Input material:

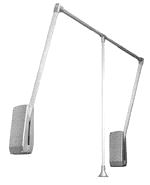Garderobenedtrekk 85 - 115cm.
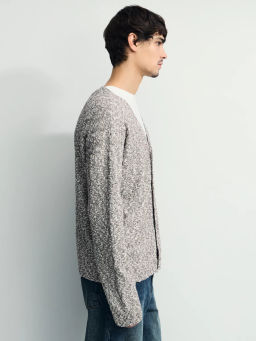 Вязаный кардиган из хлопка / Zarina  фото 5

==

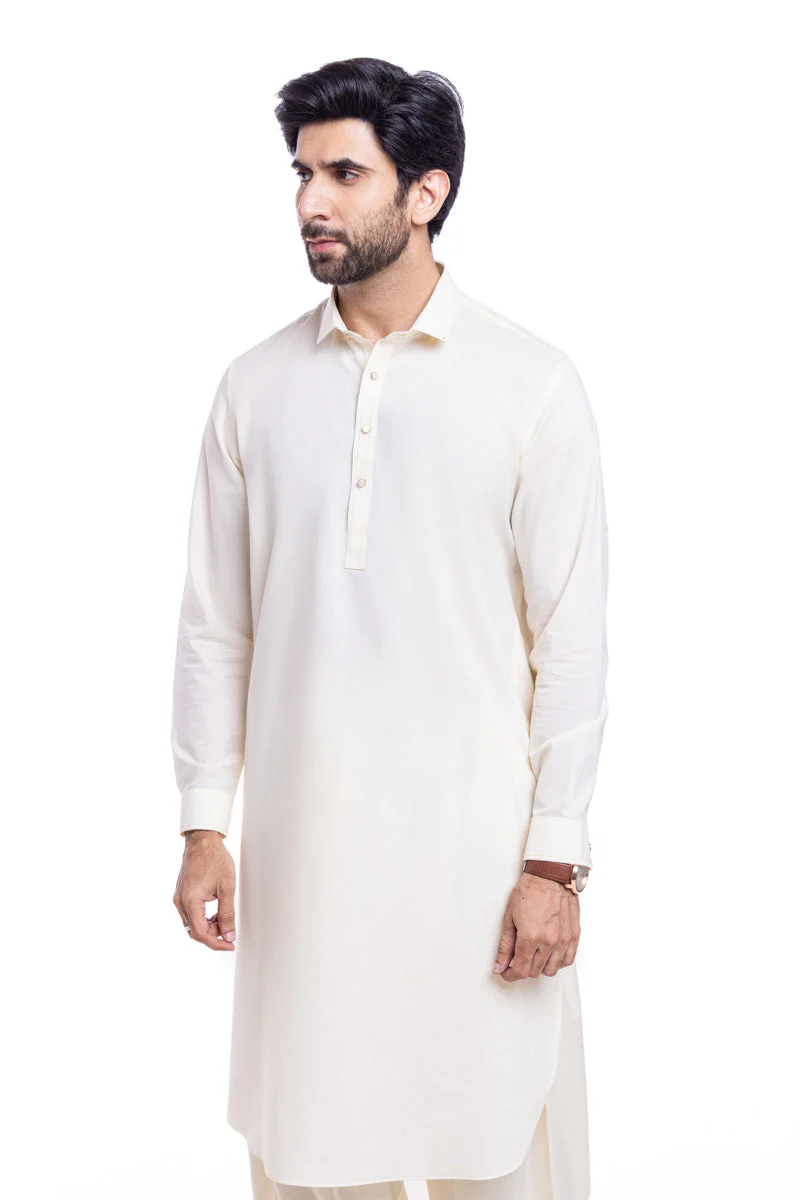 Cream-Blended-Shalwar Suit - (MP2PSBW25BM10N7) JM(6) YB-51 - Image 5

--

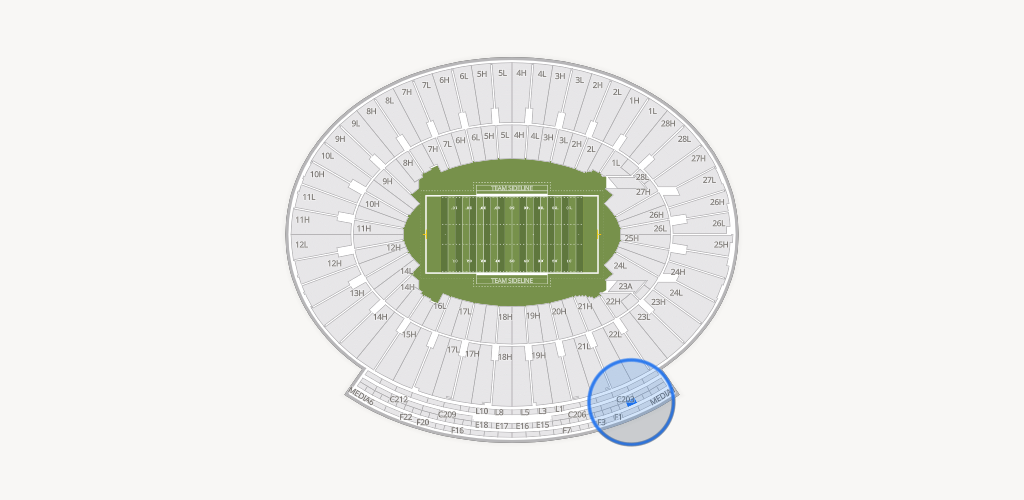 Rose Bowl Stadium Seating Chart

Your objective: Taking the material above, give again exactly the lines from the one holding "Garderobenedtrekk 85 - 115cm." through the one holding "Вязаный кардиган из", with both ends and without pictures.

Task response:
Garderobenedtrekk 85 - 115cm.
 Вязаный кардиган из хлопка / Zarina  фото 5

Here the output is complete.